Perkins is essentially making an argument here about transfer; the ability to transfer knowledge from one domain to another. This is notoriously difficult to achieve but Perkins thinks that the solution lies in an approach centred around teaching for understanding. Perkins has been making this case, in different forms, for many years. I am not totally convinced that understanding is a qualitatively different attribute to extensive knowledge (see this post), but I would certainly wish to develop understanding in my students. I therefore approach these ideas with interest.
In this paper with Tina Blythe, Perkins and Blythe present a four-part framework to promote teaching for understanding. The four parts are:
1. Generative Topics
2. Understanding Goals
3. Understanding Performances
4. Ongoing Assessment
The argument around generative topics is largely an argument for some kind of relevance. Where direct relevance to a student’s life is not possible and where that topic still needs to be taught, for example because a school district insists upon it, Perkins advocates a thematic approach where the theme is the part that is relevant. For instance, although the study of Romeo and Juliet is of little utility in the lives of teenagers, one could subsume this into an exploration of the generation gap. Similarly, teaching about plants could be justified by linking it to notions of the interconnectedness of all things.

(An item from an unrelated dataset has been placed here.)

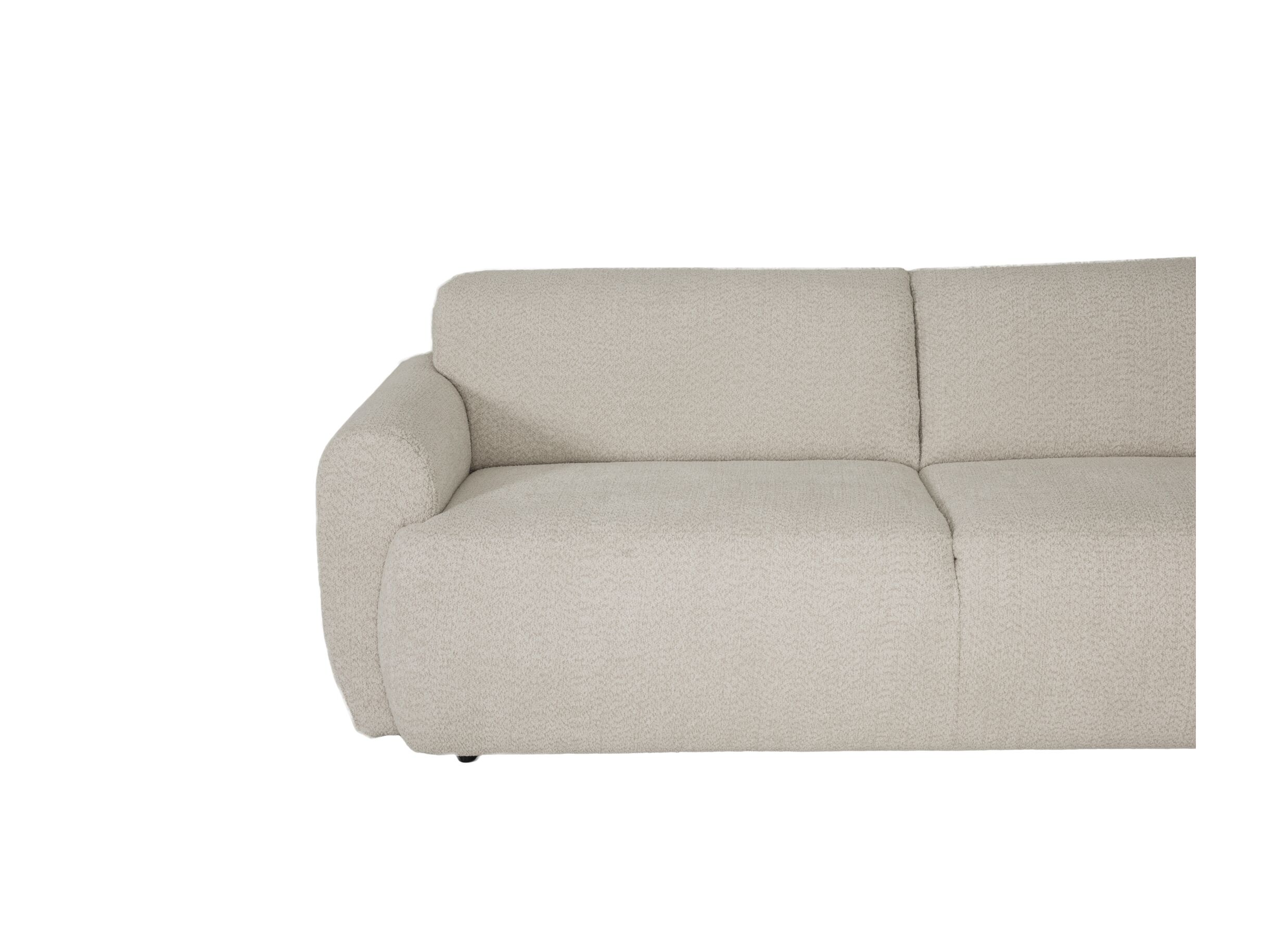 Detail - Canapé d'angle Malmo 340x171cm - tissu - beige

I am deeply skeptical about the relevance argument. I think that we fundamentally limit children by not asking them to move outside of what is relevant. If you accept, as I do, Hirsch’s argument about the need for broad background knowledge in order to be able to read and access sources of information – such as serious newspapers – then it is difficult to see how all of this knowledge can be made relevant. And why shouldn’t students be taken outside of their immediate experience? I remember being taken sailing as a secondary school student. It was something that I had no experience of nor interest in, largely because I knew little of it. However, it is something that I grew to enjoy immensely and my memories of it are vivid.
Perkins uses this argument against quadratic equations. There is no doubt that quadratics are not used frequently in everyday life. He contrasts this with probability and statistics which are much more useful (said the social scientist…). Yes, quadratics don’t turn everyone on. However, I don’t see why this means that we should miss them out. I was never taught grammar at school, probably because the prevailing view at that time was that grammar was arcane and not engaging for students. My life is impoverished because of this.
The other elements of the four-part strategy are ones that I will paraphrase by stating that goals should be set in terms of what you want students to understand and that assessment should be structured such that students can receive feedback which they have an opportunity to act upon; effectively a call for formative assessment.
The case, ultimately, represents a form of magical thinking. No-one could object to the goal of developing a proper understanding of key concepts. However, it is unlikely that this is possible without going through a stage of knowing things with less understanding. In other words, to get to a point where you truly understand X, Y and Z sufficiently to transfer this understanding to Q, you will first have to pass through a stage where you just know X, Y and Z. Dan Willingham makes the argument here from the perspective of cognitive science. As he states, “Cognitive science has shown us that when new material is first learned, the mind is biased to remember things in concrete forms that are difficult to apply to new situations. This bias seems best overcome by the accumulation of a greater store of related knowledge, facts, and examples.”
Relevance, and a little bit of formative assessment is not the magic recipe that allows you to miss out the hard slog of learning domain knowledge.